## [Problem requirements]
In the entries that follow, locate the line with "Short Sleeve Chambray Dress", then restate that line and all later lines exactly as they appear, leaving pictures out.

━━ Records supplied ━━

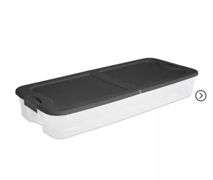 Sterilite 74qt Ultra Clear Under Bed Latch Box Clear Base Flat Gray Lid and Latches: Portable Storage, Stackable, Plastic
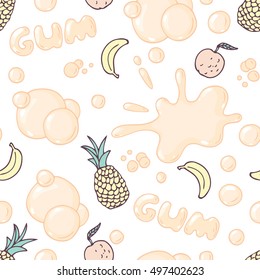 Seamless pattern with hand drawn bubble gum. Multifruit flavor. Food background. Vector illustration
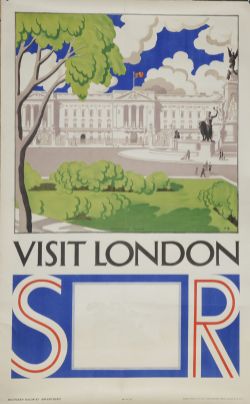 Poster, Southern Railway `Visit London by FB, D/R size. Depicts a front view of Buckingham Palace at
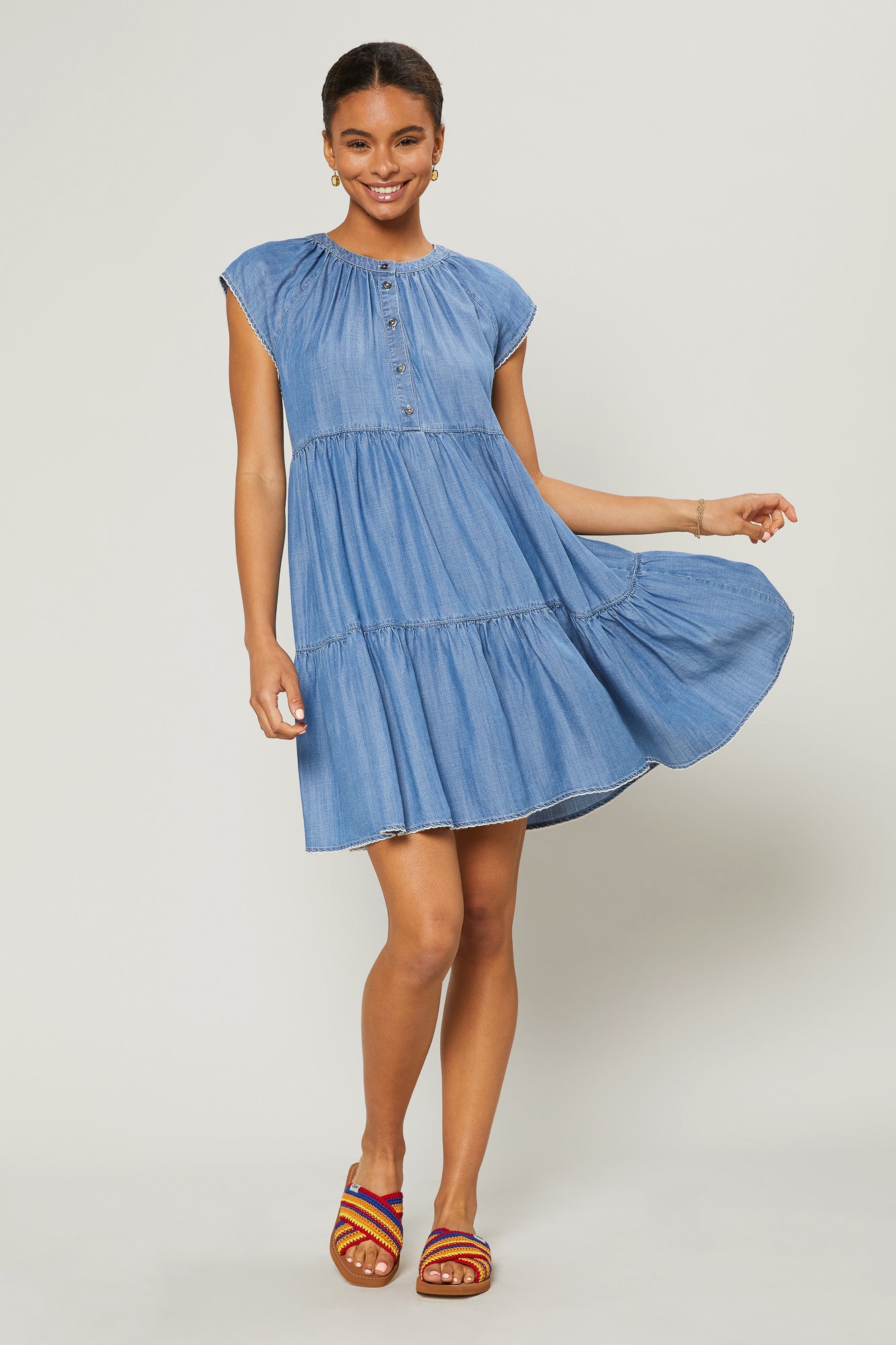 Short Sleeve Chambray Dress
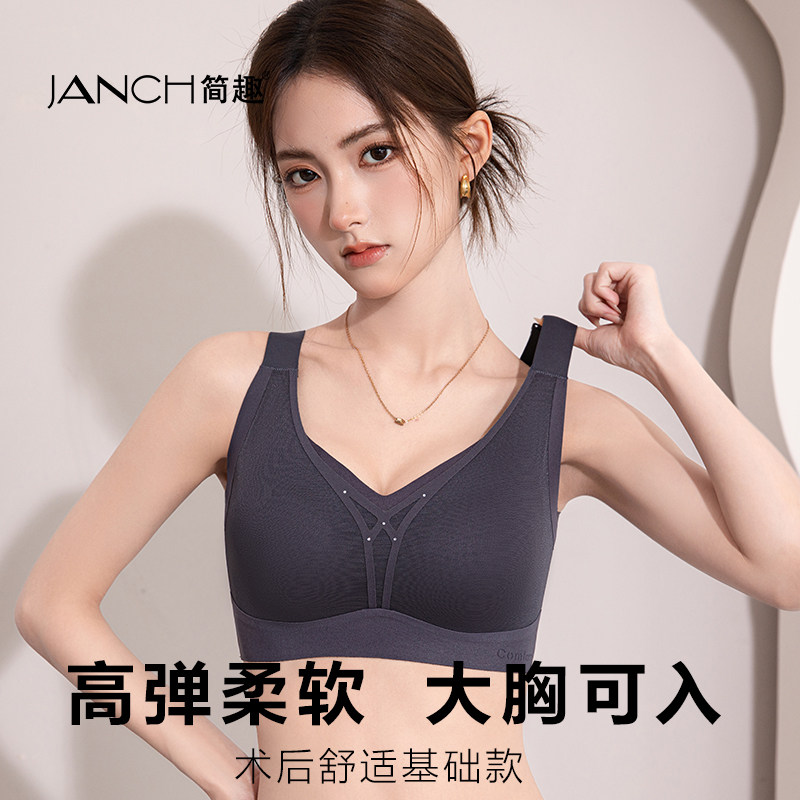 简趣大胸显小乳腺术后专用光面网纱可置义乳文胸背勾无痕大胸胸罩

━━━

## [Output for this task]
 Short Sleeve Chambray Dress
 简趣大胸显小乳腺术后专用光面网纱可置义乳文胸背勾无痕大胸胸罩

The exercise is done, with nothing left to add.